General-Purpose Block Preconditioners

In this document we will demonstrate how to use the general-purpose block preconditioners implemented in oomph-lib. This tutorial follows from the Block Preconditioners tutorial, which provides an overview of oomph-lib's generic block preconditioning framework.

We use the Problem described in the Bending of a Cantilever Beam tutorial to illustrate the key concepts.


In this section we define the four (distributed) general purpose block preconditioning methodologies. To recap, all oomph-lib problems are solved in a Newton iteration which requires the repeated solution of linear systems of the form

\[ J\delta {\bf x}=-{\bf r} \]

where $J$ is the Jacobian matrix, $\bf r$ is the vector of residuals and $\bf \delta x$ is the Newton correction. We divide the DOFs in the two-dimensional cantilever problem into two subsets corresponding to the $x$ and $y$ nodal positions.

\[ \left[ \begin{array}{cc} J_{xx}&J_{xy}\\ J_{yx}&J_{yy} \end{array} \right]. \left[ \begin{array}{c} \bf \delta x \\ \bf \delta y \\ \end{array} \right] = -\left[ \begin{array}{c} \bf r_x \\ \bf r_y \\ \end{array} \right] \]

Utilising this partitioning we will describe four (distributed) general purpose block preconditioning methodologies. (Left) preconditioning represents a transformation of the original linear system to

\[ P^{-1}J\;{\bf \delta x}=-P^{-1}{\bf r} \]
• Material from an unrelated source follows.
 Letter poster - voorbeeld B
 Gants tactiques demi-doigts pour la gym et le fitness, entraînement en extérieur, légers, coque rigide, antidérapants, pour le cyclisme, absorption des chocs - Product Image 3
with the aim of accelerating the convergence of Krylov subspace iterative methods such as GMRES or CG. The application of the preconditioner requires the solution of

\[ P{\bf z}={\bf w} \]

for $\bf z$ at each Krylov iteration.

Block Diagonal Preconditioning

We drop the off-diagonal blocks to form the block diagonal preconditioner

\[ P_{BD}=\left[ \begin{array}{cc} J_{xx}&\\ &J_{yy} \end{array} \right]. \]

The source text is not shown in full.